Rosa Curling of law firm Leigh Day, which represented CAAT, said: “Our client is delighted with the judgment handed down today. The court has ruled the government’s procedure for granting licences to export arms to Saudi Arabia is unlawful.

“The government has been forced to accept it must now stop granting new licences for arms exports to Saudia Arabia, for possible use in the conflict in Yemen pending any application to the Court of Appeal for a stay.

“The government will now have to reconsider whether to suspend existing export licenses and reconsider its decision to continue to grant licences. Our client hopes the government will reconsider quickly and will decide that no further licences should be granted.”

Amnesty International also welcomed the ruling as “a rare piece of good news” for the people of Yemen. “During four years of devastating war the Saudi Arabia-led coalition has killed thousands of civilians in Yemen, flattening homes, schools and hospitals in indiscriminate air strikes,” said the group’s director of strategic litigation, Lucy Claridge.

“This is the first time that a UK court has acknowledged the risks of continuing to lavish Saudi Arabia with military equipment for use in Yemen. We welcome this judgment as a major step towards preventing further bloodshed.”

The weapon categories included for UK arms exports since the bombing of Yemen began include approximately £2.7 billion worth of ML10 licences for aircraft, helicopters and drones. There was also £1.9 billion worth of ML4  licences for grenades, bombs, missiles and countermeasures.

There have also been a number of open issue export licences approved to Saudi Arabia. According to CAAT, these include many of the bombs and missiles used in the war.

“There is no way of knowing how many bombs have been exported or the value of these exports as they are not published, but it does mean that the real total is likely to be significantly higher,” CAAT added.

Ross Greer MSP, external affairs spokesperson for the Scottish Greens said: “This is a stinging defeat for the UK government and their obsession with arming the brutal Saudi regime. When fragments of a British-made bomb were recovered from the wreckage of a Yemeni school bus, which had been carrying forty two children, the Tories shrugged their shoulders and the arms sales to Saudi Arabia continued.

“A British court may have called a halt to this obscenity but it doesn’t wash the blood off the UK government’s hands.”

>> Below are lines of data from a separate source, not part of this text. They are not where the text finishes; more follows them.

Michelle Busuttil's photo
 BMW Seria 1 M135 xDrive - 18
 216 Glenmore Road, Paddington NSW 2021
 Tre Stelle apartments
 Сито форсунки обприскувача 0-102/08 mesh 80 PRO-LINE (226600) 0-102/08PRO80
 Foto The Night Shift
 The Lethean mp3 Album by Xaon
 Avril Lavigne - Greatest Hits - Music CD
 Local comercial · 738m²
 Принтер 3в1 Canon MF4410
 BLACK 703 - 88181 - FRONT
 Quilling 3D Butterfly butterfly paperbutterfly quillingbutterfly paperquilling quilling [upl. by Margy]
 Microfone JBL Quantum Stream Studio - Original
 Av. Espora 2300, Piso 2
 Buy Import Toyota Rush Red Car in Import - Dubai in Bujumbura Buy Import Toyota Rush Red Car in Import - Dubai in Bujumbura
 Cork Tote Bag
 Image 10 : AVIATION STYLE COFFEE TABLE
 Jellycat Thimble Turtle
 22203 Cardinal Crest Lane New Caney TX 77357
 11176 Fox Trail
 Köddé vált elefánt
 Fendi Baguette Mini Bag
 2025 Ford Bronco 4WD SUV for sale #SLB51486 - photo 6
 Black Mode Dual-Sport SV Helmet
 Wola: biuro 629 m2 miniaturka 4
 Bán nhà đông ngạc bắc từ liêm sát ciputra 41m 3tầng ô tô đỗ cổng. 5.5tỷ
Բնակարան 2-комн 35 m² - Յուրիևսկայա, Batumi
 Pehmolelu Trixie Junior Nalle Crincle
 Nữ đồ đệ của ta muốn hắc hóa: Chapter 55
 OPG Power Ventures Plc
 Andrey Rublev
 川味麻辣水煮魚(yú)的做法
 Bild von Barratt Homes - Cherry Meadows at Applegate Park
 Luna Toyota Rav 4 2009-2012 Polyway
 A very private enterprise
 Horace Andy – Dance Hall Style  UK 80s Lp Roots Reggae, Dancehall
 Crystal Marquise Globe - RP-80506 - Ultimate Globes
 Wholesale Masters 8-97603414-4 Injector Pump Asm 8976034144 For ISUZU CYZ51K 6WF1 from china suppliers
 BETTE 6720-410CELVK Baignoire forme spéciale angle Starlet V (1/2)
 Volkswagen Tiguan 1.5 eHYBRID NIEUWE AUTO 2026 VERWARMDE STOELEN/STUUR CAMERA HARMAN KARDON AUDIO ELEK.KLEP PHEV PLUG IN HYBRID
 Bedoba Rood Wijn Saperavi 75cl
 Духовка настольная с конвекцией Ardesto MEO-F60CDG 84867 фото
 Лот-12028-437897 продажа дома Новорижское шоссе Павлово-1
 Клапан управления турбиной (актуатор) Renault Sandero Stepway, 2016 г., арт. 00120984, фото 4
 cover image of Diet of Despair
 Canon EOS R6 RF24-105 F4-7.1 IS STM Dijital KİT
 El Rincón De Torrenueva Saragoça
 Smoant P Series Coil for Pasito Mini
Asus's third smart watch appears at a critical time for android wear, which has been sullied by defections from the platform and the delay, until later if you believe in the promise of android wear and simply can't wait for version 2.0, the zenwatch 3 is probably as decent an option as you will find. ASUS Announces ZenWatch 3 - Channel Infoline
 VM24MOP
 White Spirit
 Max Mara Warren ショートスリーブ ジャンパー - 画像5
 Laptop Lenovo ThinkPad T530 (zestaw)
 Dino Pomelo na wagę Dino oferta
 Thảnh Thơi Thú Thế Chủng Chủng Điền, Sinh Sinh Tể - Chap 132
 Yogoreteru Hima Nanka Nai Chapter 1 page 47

A spokesperson for the Department for International Trade said that ministers would seek leave to appeal. “This judgment is not about whether the decisions themselves were right or wrong, but whether the process in reaching those decisions was correct,” the spokesperson added.

This story was updated at 12.42 and 13.51 on 20 June 2019 to add comments from the Scottish Greens and the Department for International Trade, as well as a link to the Court of Appeal’s ruling. It was updated again at 17.01 to add comments by Liam Fox.